Extraterrestrial oceans: ERC Advanced Grant for Joachim Saur

Grant and Award Announcement

University of Cologne

The European Research Council (ERC) has awarded the Cologne-based geophysicist Professor Dr Joachim Saur with the ERC Advanced Grant. Saur will receive a total of 2.1 million euros in funding. The ERC Advanced Grant is considered the most important funding award in the European research landscape.

Joachim Saur is Professor at the Institute of Geophysics and Meteorology at the University of Cologne. His research focuses on planets and space physics. With the ERC Advanced Grant for his EXO-OCEANS project, Saur and his team will search for and explore extraterrestrial oceans mainly on the moons in the outer solar system. The occurrence of liquid water is considered one of the few essential prerequisites for life - at least as we know it on Earth.

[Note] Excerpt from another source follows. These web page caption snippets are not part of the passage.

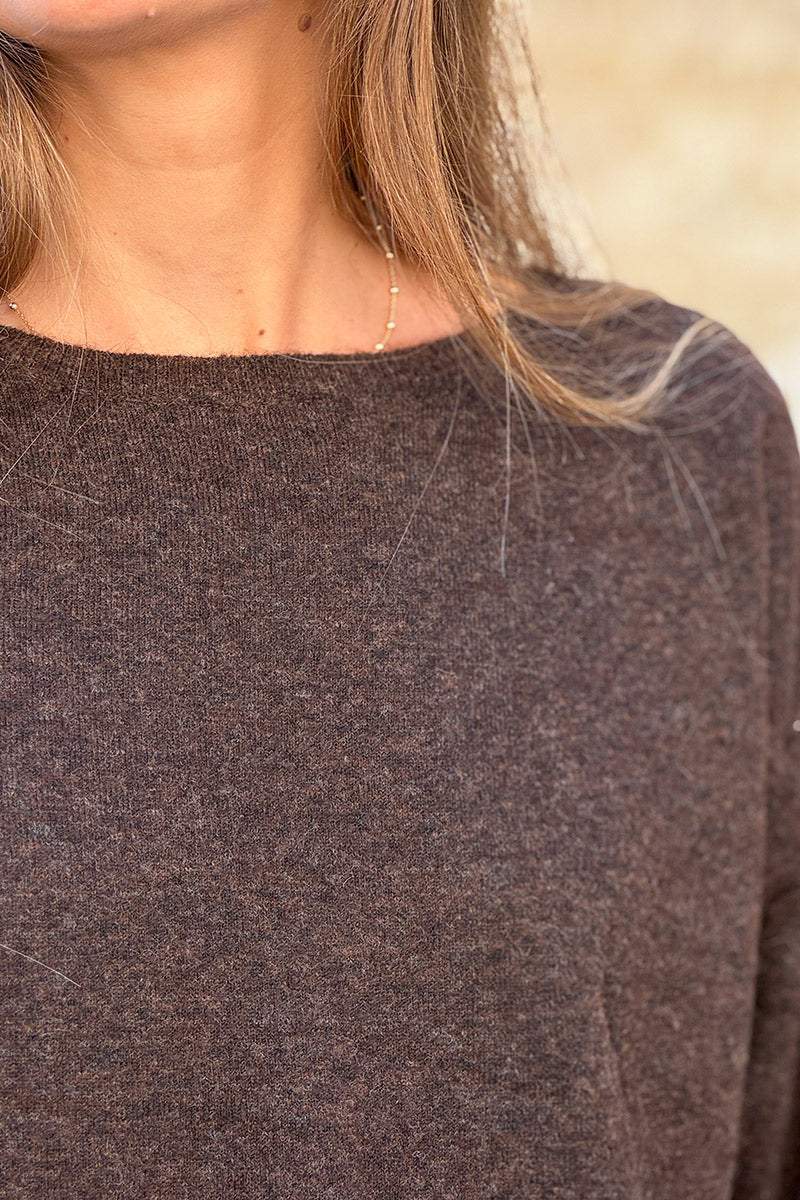 Pull basique marron en petite maille chiné couture apparente col bateau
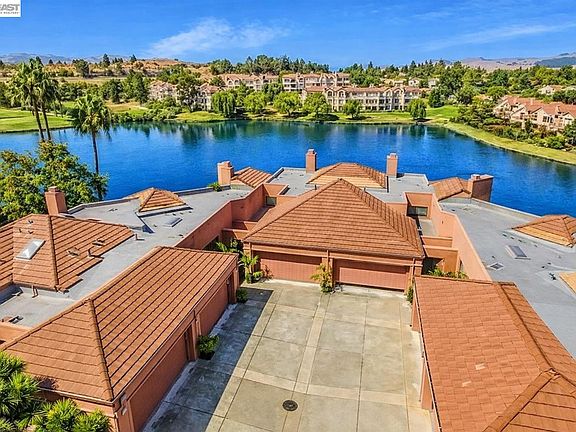 2nd image of 4063 W Lakeshore Dr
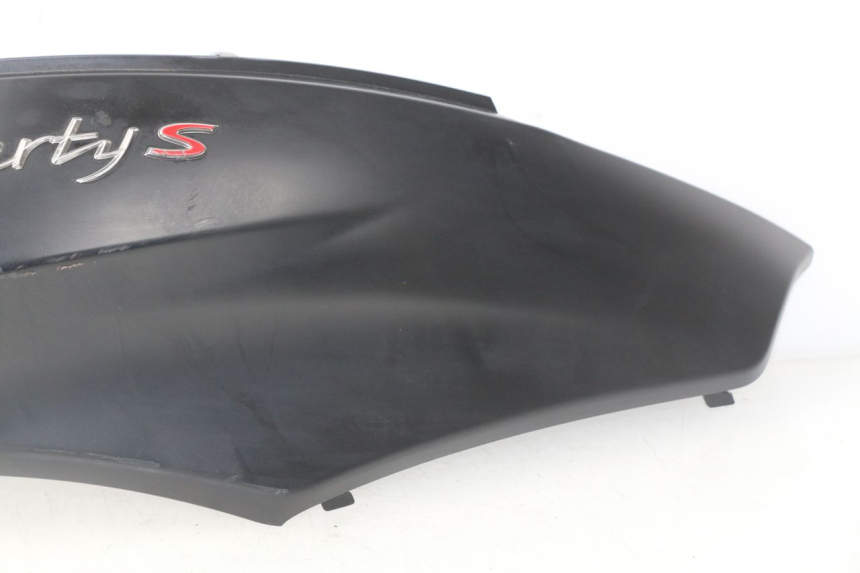 photo de RIGHT REAR SIDE PANEL PIAGGIO LIBERTY IGET 4T 50 (2015 - 2020) - Fixing points details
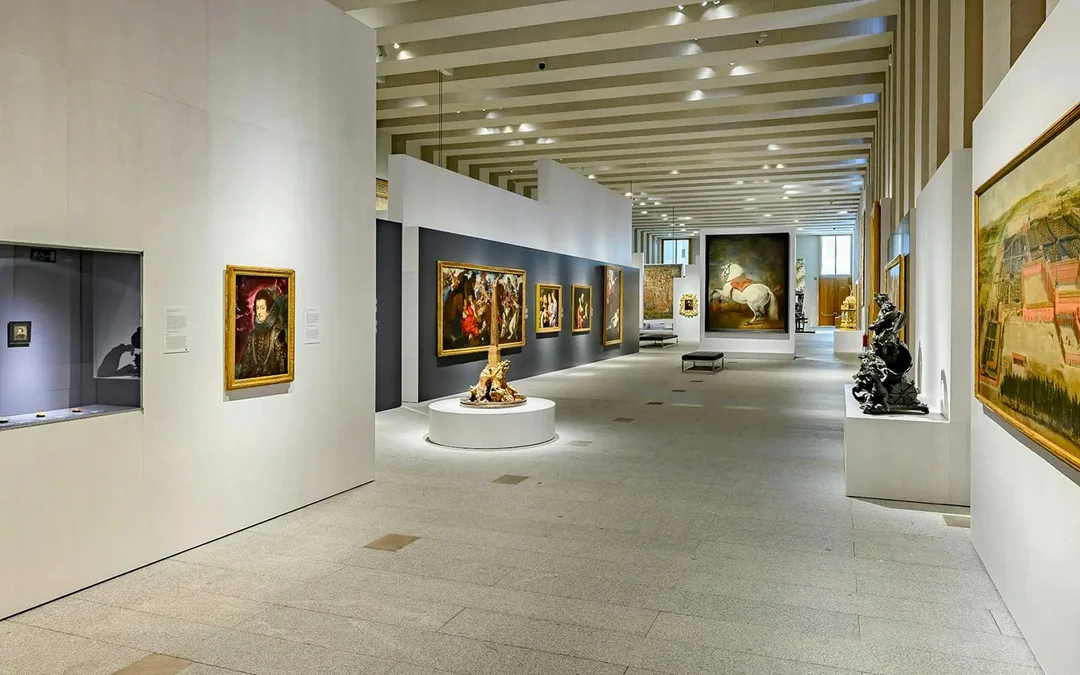 Skip-the-Line Tickets to Royal Collections Gallery Image 2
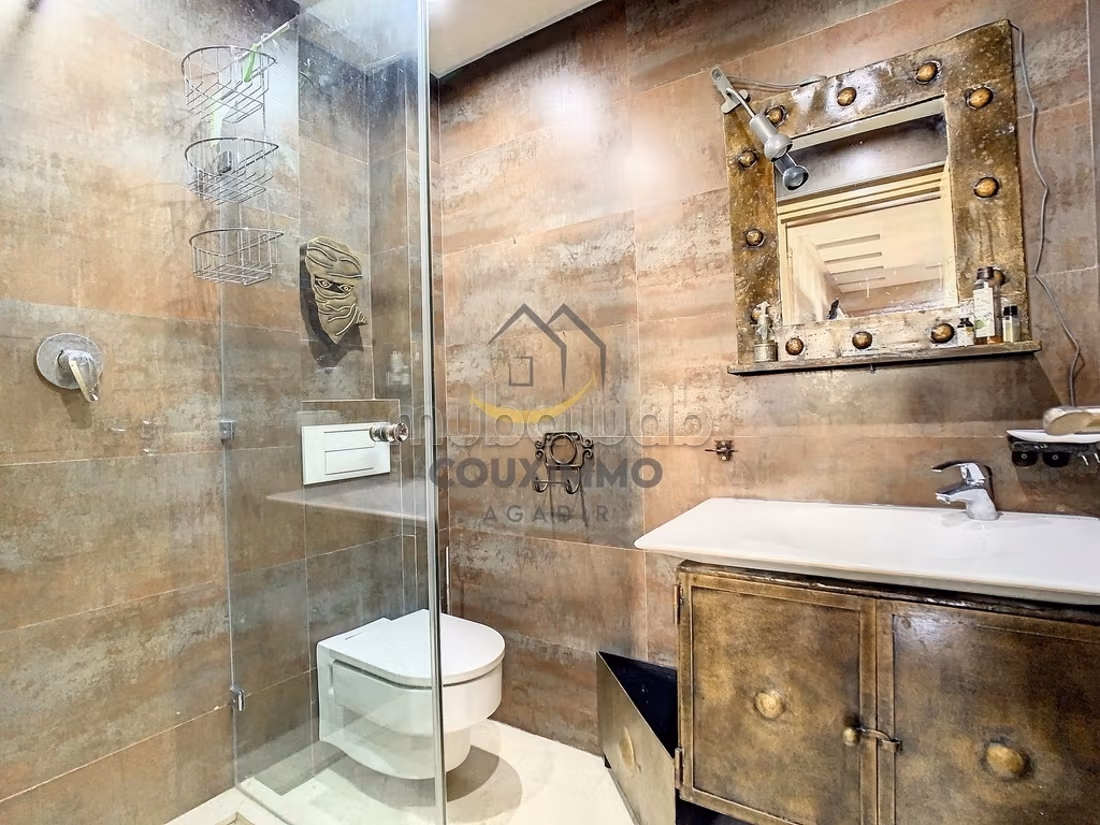 Nice apartment near city center with swimming pool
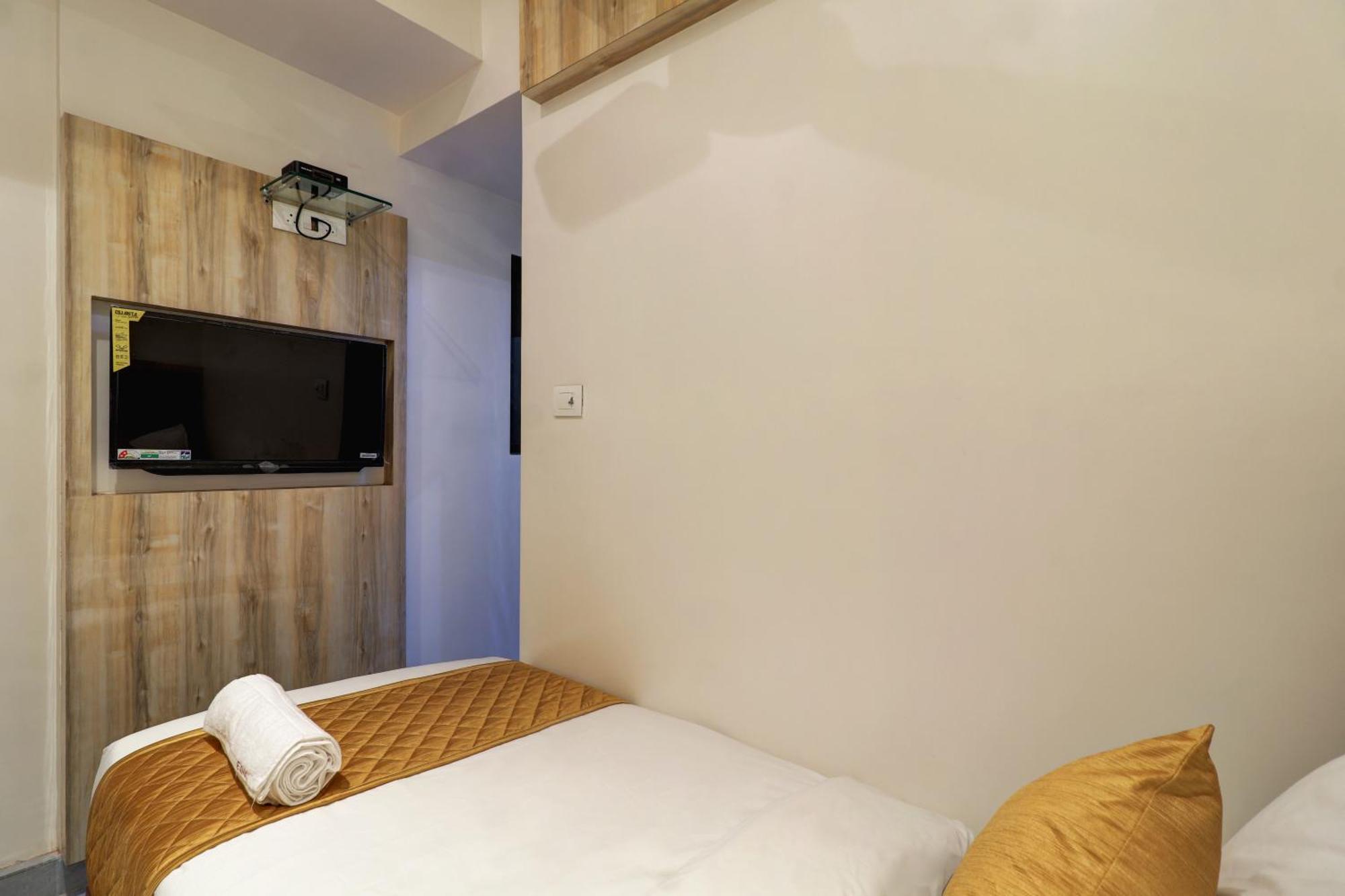 Hotel Enigma Inn Mumbai Quarto foto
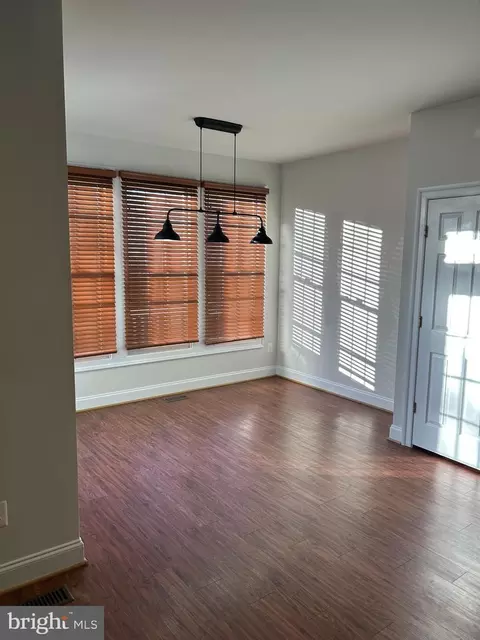 6872 Witton Cir, Gainesville, VA 20155 photo 10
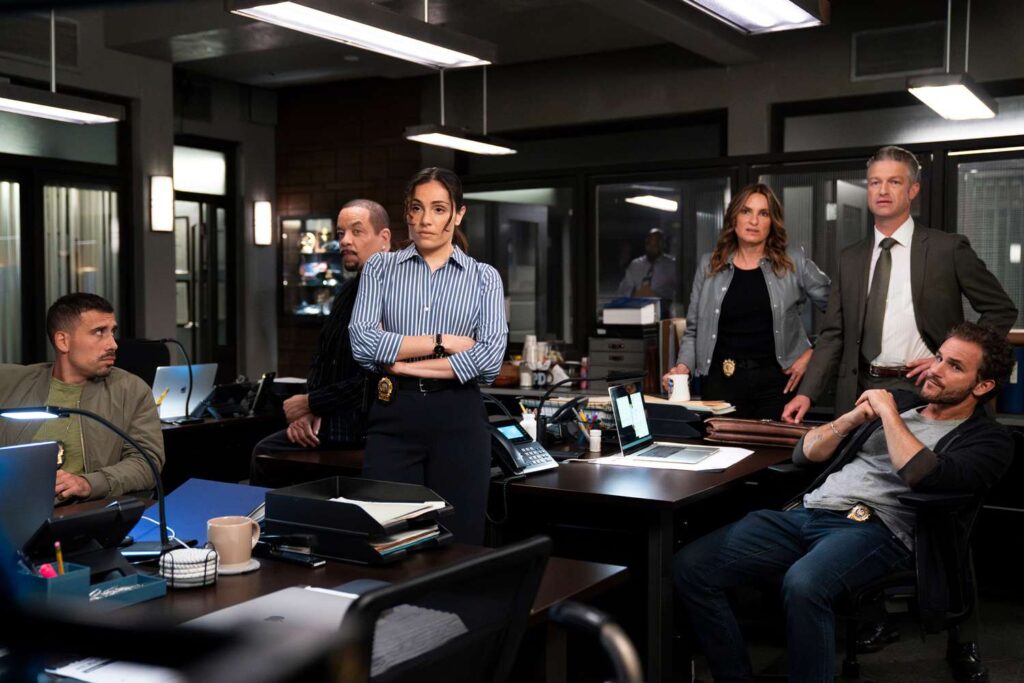 law-and-order-season-26-cast-050625-34aed0e3901e4fdea9918bebad6eecc8.jpg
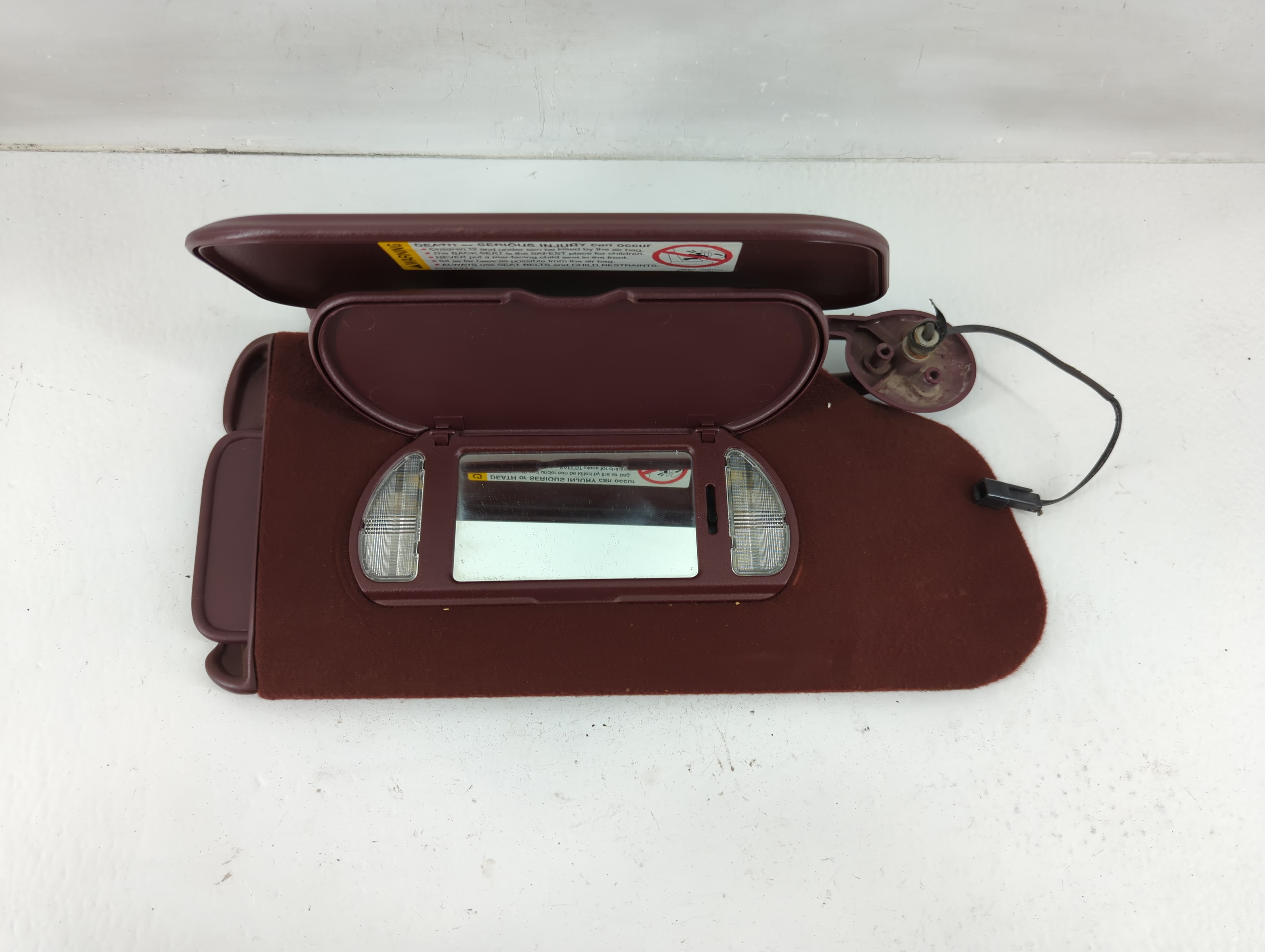 Picture of 2000-2005 Buick Lesabre Passenger Sun Visor Mirror Right Sunvisor Red 1023832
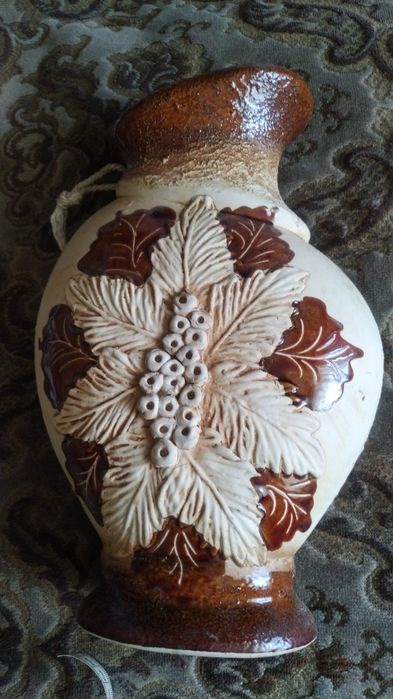 Ваза велика.керамічна.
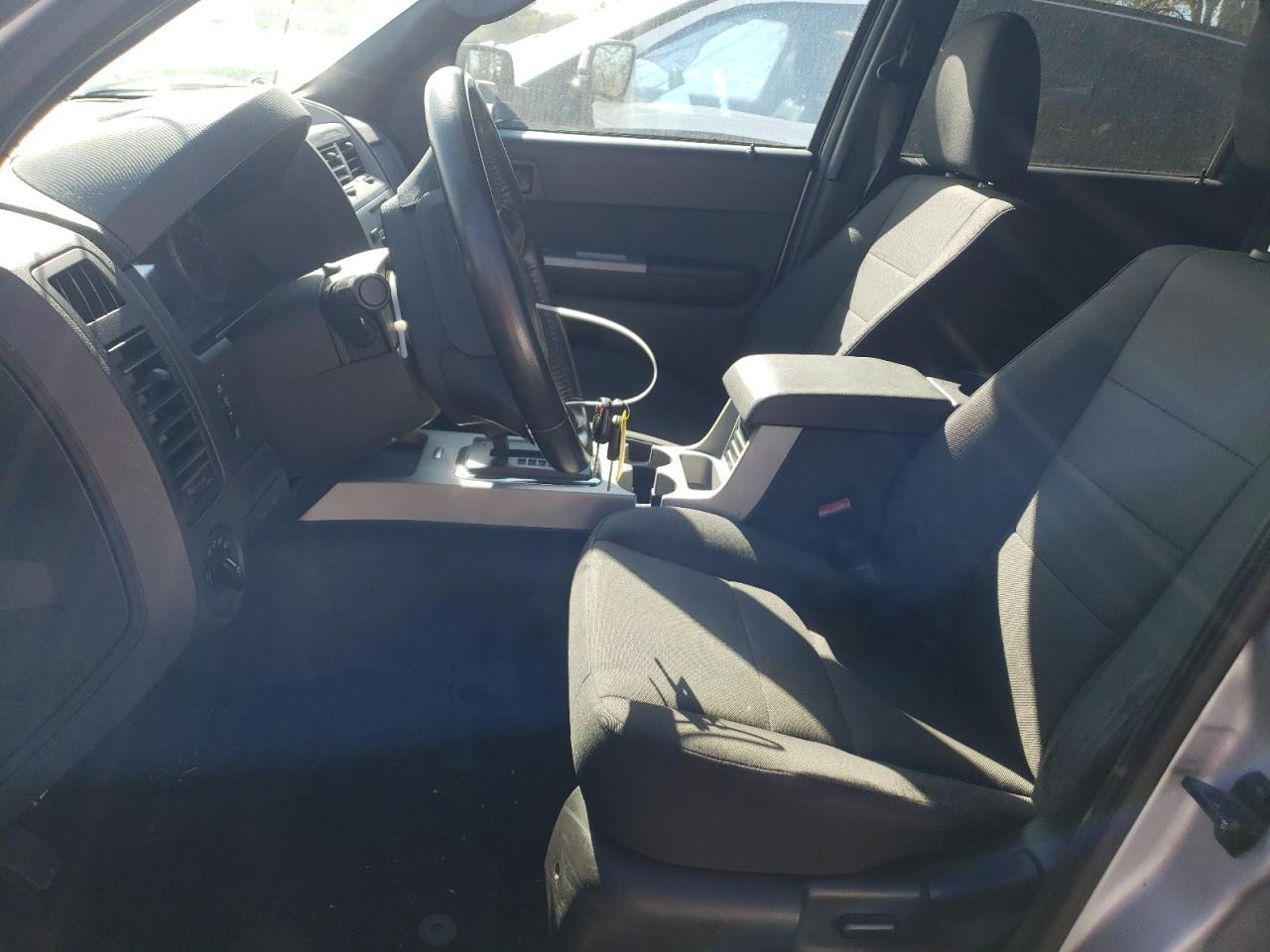 2011 Ford Escape Xlt - Image 7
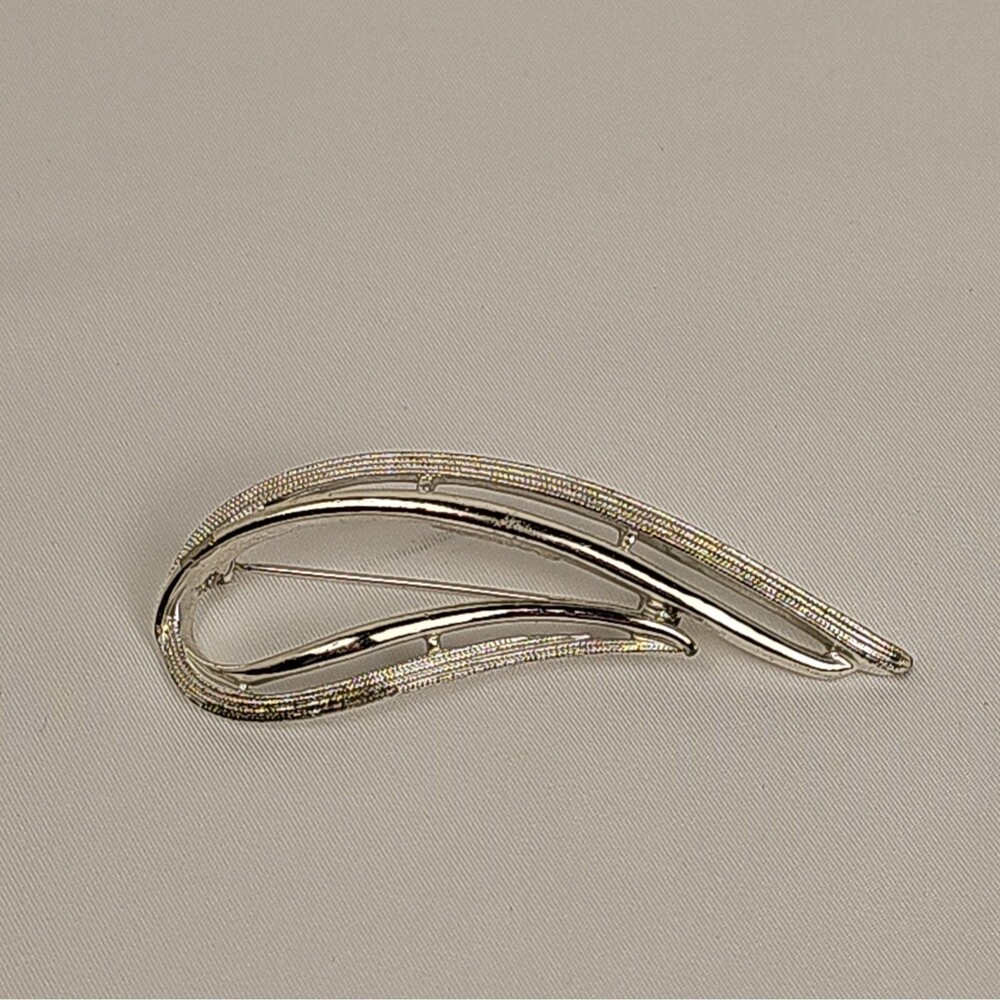 Signed Sarah Coventry Brooch Silver Tone Modernist Leaf Pin Vintage Statement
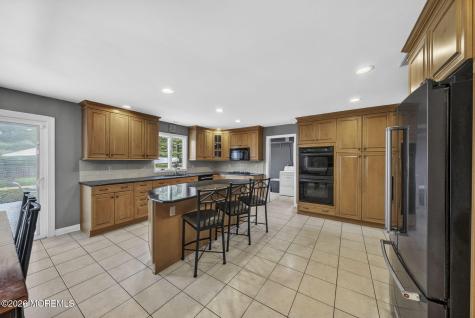 10 Damascus Drive Marlboro NJ 07746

Using innovative methods and techniques, specifically a combination of computer simulations and new telescope observations, Saur's team plans to search for oceans on Saturn's moons, and also outside our solar system. In addition, the research work will for the first time allow for detailed analyses of the oceans on Jupiter's moons Europa and Ganymede.

We already know that there is water on these Jupiter moons, but previous approaches failed to further characterize these oceans. The EXO-OCEANS project intends to significantly advance research into extraterrestrial oceans and thus create a basis for the search for extraterrestrial life. The project will also provide important results for the further exploration of Ganymede and Europe by the ESA and NASA missions JUICE and EUROPA CLIPPER, which are planned for around 2030.

ERC Advanced Grants are awarded to outstanding researchers for projects which, due to their innovative approach, carry a certain amount of uncertainty, but may open up groundbreaking new avenues in their respective fields. Funding is provided to scientists who have been working consistently and successfully at the highest level for many years.

Joachim Saur studied physics and geophysics at the universities of Stuttgart and Cologne. He then worked as a postdoctoral researcher at the Observatoire de la Côte d'Azur (Nice, France) and at Johns Hopkins University (Baltimore, Maryland, USA), and as a Senior Research Scientist at the Applied Physics Laboratory (Laurel, Maryland, USA). In 2005 Saur returned to Cologne as a professor at the Institute of Geophysics and Meteorology. In 2011 and 2015 he also held visiting professorships at Johns Hopkins University.